Does the software not do something that the programmer intended? Is there a place to do it and the consequences of doing it all worked out? Ask these questions before debating if it is really a bug or a feature request.
James Bach suggests that a bug is something that "bugs" the user. He arrived at this definition working on photoshop. Does the blur command blur? What is right? Hard to say.
Ron Jeffries suggests keeping the bug count at zero. If a bug shows up just fix it or discard it. Don't save them up because you like them.
James serves the product manager and defends the end user in this relationship. Ron serves the developers and wants them working in a safe and productive environment.
Clean code consists of mechanisms for dealing with situations that are known to occur or at least possible. When real circumstances elicit unwanted behavior we can ask, was the real within the limits of the anticipated? If so, then we can expect the solution to be a small increment on code already written.
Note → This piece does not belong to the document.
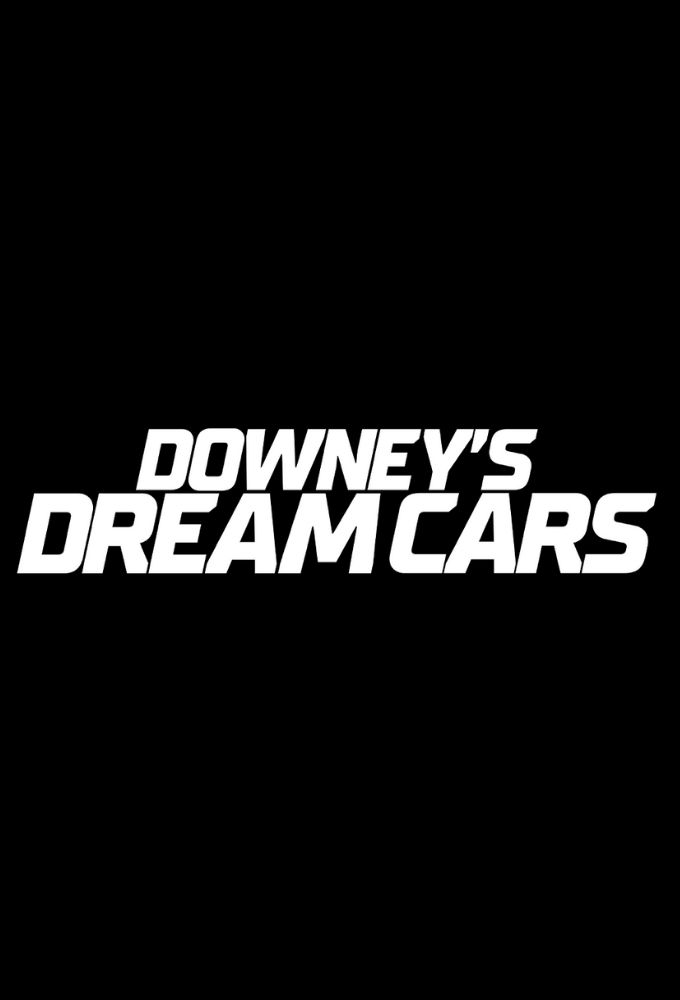 Poster de la serie Downey's Dream Cars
It may be that the real situation can't be easily determined or easily understood.
It may be that the mechanisms designed don't actually work as anticipated even in anticipated situations.
It may be that the encoding process allowed simple errors, typos for example, to pass without detection.
See Encoding Checks
Explain swarming ...
Explain bailout ...
A team should be scheduled based on estimates grounded in their ability to anticipate.
The zero bugs strategy accepts that decisions made programming defines the boundary between what surprise work will be done now or handled some other way.
An organization should be prepared to adjust for disappointment when software ships. There are many alternatives. But heaping grief or wallowing in details don't stack up well.